You’ve stated that a ‘new dig’ will be undertaken, will this dig cover the whole site? who has agreed to undertake it?
Any excavation may well reveal new findings but the process of excavation involves the destruction of the materials you are excavating, what will be left for future generations? some old dig reports and a box of finds? Over Five thousand years of intact archaeological deposits will be lost for the sake of a monument that commemorates a period of a hundred years. You talk about legacy, if your development were to go ahead, I believe it will be viewed by future generations as an act of vanity at best, ignorant and wilful vandalism at worse.
So what else can be done?
- Situate the monument in a more appropriate place, i.e. amongst the community whose dead it commemorates.
- A monument already exists on the site, unlike the proposed monument, this one is built of local stone by local people and is already a well-loved Teesside landmark. The existing monument is not included in the schedule and could therefore be altered, plaques erected and the whole thing rededicated to the miners.

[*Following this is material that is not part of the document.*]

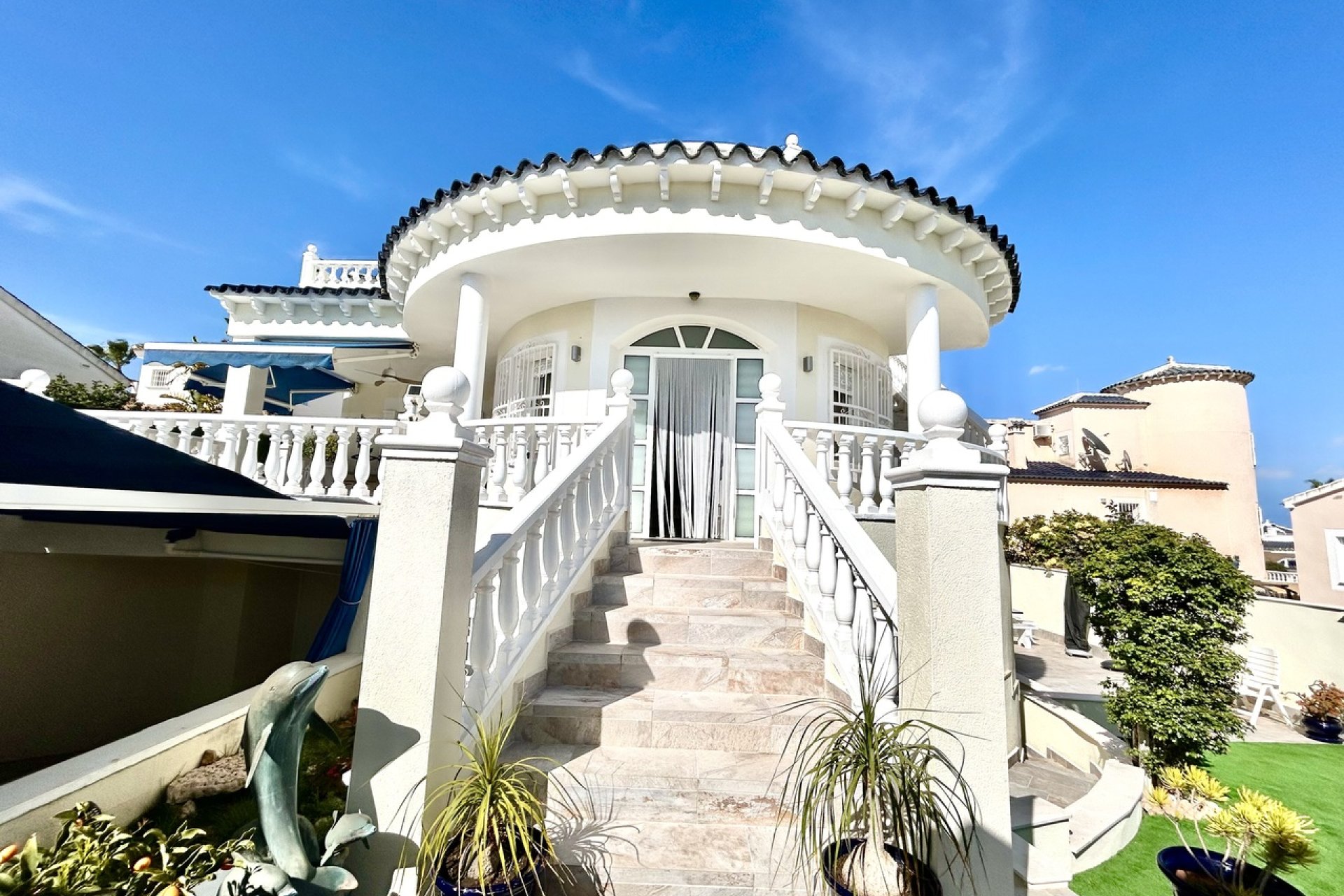 Resale - Villa -
Pinar de Campoverde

- Use the monies raised to create an FOEH Endowment fund to train one or two full time local wardens. As well as keeping an eye on the moor they could work with local groups and landowners on the history, ecology and archaeology of the moor much in the same way National Park wardens do.
- Create a volunteer group to support the wardens and engage with other local groups, schools, young offenders etc.
- Your film, A Century of Stone, successfully told the story of the mines and is a fitting legacy to the community of mining families who lived in Eston, it has massively raised awareness of our local mining legacy. What about the FOEH fundraising to commission a similar film to tell the full story of the hills? This will reach far more people than some words and pictures on a foreign, black granite monolith ever could. Any profits from the film can be ploughed back into FOEH.
Ultimately Craig, this is all talk, the decision whether this development should go ahead does not lie with you, me or FOEH, it lies with the people who are charged with protecting our finite, irreplaceable, fragile national monuments.
Bronze Age Activity on the Eston Hills
In his 1991 report, Bronze Age Activity on the Eston Hills, Cleveland, (YAJ no.63) Blaise Vyner lists 39 burial mounds and probable burial mounds and 13 cairns on the Eston Hills.
In their book, Prehistoric Rock Art in the North York Moors (Tempus 2005), Paul Brown and Graeme Chappell list over 29 examples of Prehistoric Rock Art from the Eston Hills.